Despite the brave smiles, the senior Lib Dems are wearing long faces. Matthew Parris
considers (£) the collapse of the Conservative vote in Oldham East and Saddleworth as a
disaster for the Lib Dems, their own vote sustained by an influx of Tory voters. The Tories may not recover that support, but that does not ease the Liberal Democrats’ dilemma. Parris
observes:
‘Privately Nick Clegg will have drawn from this the only sane conclusion, but it is one that I’ve found the Liberal Democrats strikingly reluctant to discuss. It is that in the seats where his party stands a chance next time, it must either re-engage the sympathies of its former supporters who are defecting to Labour, or it must throw itself upon the mercies of Tory sympathisers.’

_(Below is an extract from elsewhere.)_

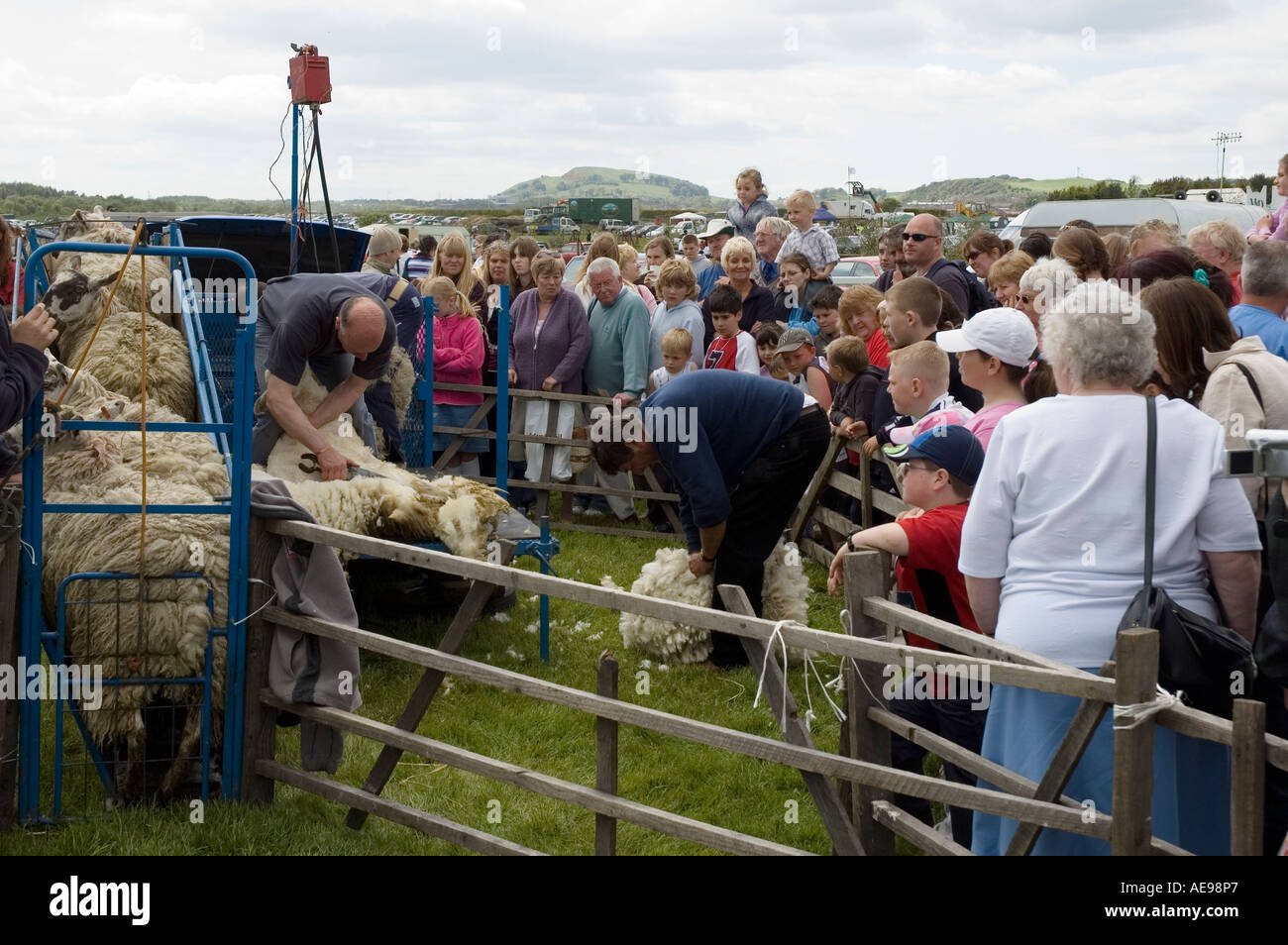 Regarder la foule de démonstration de la tonte des moutons au centre et l'ouest de l'Exposition agricole annuelle Fife Juin 2006 Banque D'Images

As James and Nick Cohen write in this week’s magazine, Westminster does not lend itself to coalition. Clegg is determined to prove that coalition is no conceit, that his party is a vibrant influence within government. Vibrancy will not suffice; Clegg must demonstrate that his party is distinct from Cameron’s and realistically that cannot happen if the coalition is to survive – and if the Liberal Democrats bring it down in self-defence, they will fall with it as the ultimate opportunists. Besides, the Liberal Democrats would find no succour in tacking to the left: the social democrats among the clan are unlikely to forgive the initial betrayal.
There is a tendency to describe the delicate electoral arithmetic as ‘Nick Clegg’s conundrum’, and therefore if Clegg were removed the Liberal Democrats could renew. Clegg may be immolated and the coalition with him, but the party was complicit in his ‘treachery’, its name ascribed to the coalition agreement. The contraction is on and if the party is to remain whole it can only move in one direction. Parris concludes that the Liberal Democrats are the Tories’ dependent child, and so it would seem. But it would be self-defeating for them to admit as much. David Laws is master-minding the Liberal Democrats’ detachment policy; lucky he’s so clever.